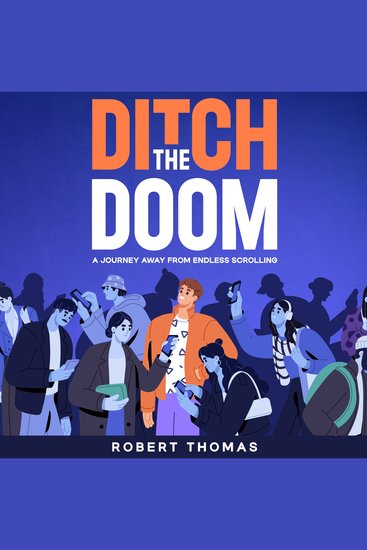 Ditch the Doom - A Journey Away from Endless Scrolling - cover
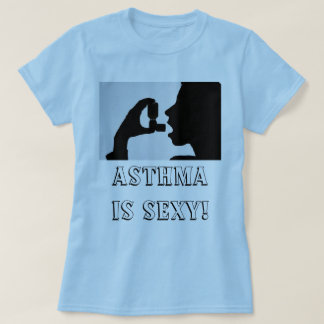 ASTHMA IS ...! T-SHIRT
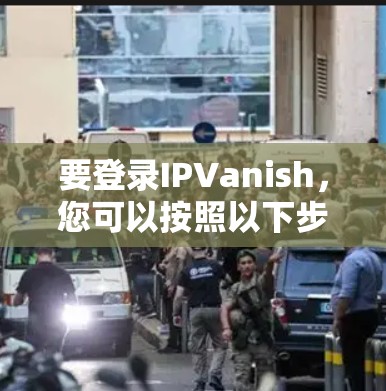 要登录IPVanish，您可以按照以下步骤操作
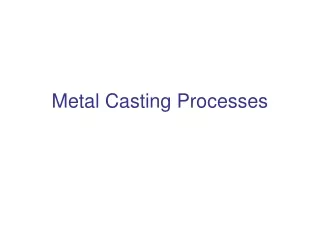 Metal Casting Processes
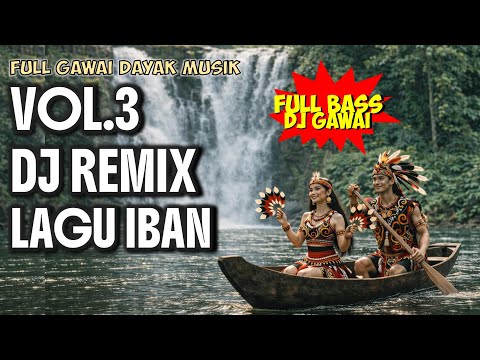 NONSTOP LAGU REMIX DAYAK ASYIK | LAGU IBAN | FULL BASS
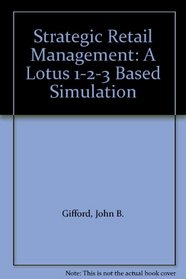 Strategic Retail Management: A Lotus 1-2-3 Based Simulation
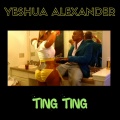 Yeshua Alexander - Ting Ting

------

[ASSIGNMENT] Starting at the line that holds "Strategic Retail Management: A", retype every line through the end of the data, both ends included. Pictures stay out of the copy.

[WRITTEN ANSWER]
 Strategic Retail Management: A Lotus 1-2-3 Based Simulation
 Yeshua Alexander - Ting Ting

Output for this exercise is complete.